(Captioned web images)
____

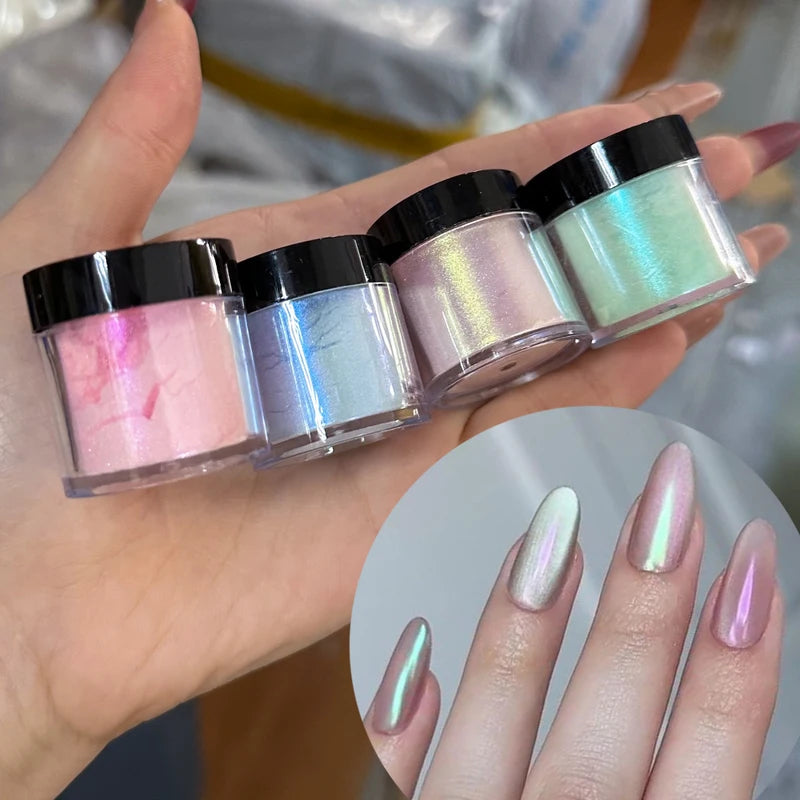 Chrome Nail Powder Shimmer Aurora Glitter for Nail Art - Neon Mermaid Effect - 10g Jar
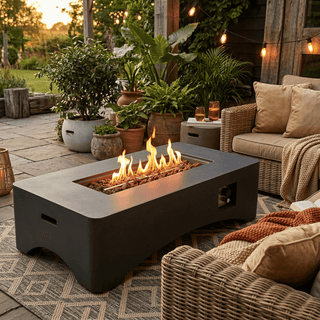56-Inch Propane Fire Pit Table, 50,000 BTU Concrete Gas Fire Pit for Patio, Backyard & Deck with Lava Rocks & Cover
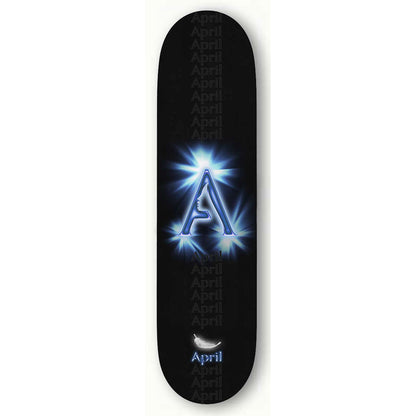 April Skateboard Deck A Logo Black/Blue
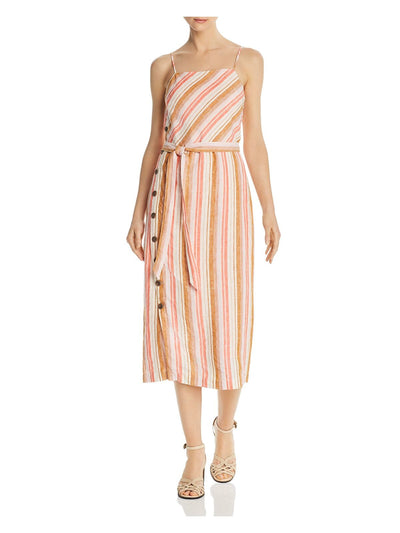 JOIE Womens Pink Belted Buttons Belted Buttons Striped Sleeveless Square Neck Midi Sheath Dress M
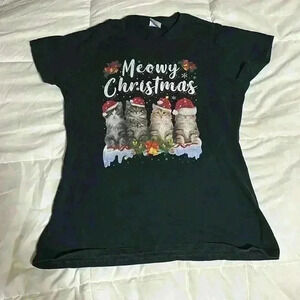 Womens "Meowy Christmas" Black Short Sleeve Tee Kitty Cat Holiday Christmas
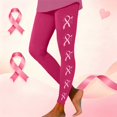 thumbnail image 2 of Women's Leggings Cancer Awareness Pink Ribbon Print Breathable Seamless Casual Tummy Control Leggings, 2 of 5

____

▸ **Problem requirements**
Repeat each entry above word for word, leaving every picture out.

▸ **Result of the exercise**
 Chrome Nail Powder Shimmer Aurora Glitter for Nail Art - Neon Mermaid Effect - 10g Jar
56-Inch Propane Fire Pit Table, 50,000 BTU Concrete Gas Fire Pit for Patio, Backyard & Deck with Lava Rocks & Cover
 April Skateboard Deck A Logo Black/Blue
 JOIE Womens Pink Belted Buttons Belted Buttons Striped Sleeveless Square Neck Midi Sheath Dress M
 Womens "Meowy Christmas" Black Short Sleeve Tee Kitty Cat Holiday Christmas
 thumbnail image 2 of Women's Leggings Cancer Awareness Pink Ribbon Print Breathable Seamless Casual Tummy Control Leggings, 2 of 5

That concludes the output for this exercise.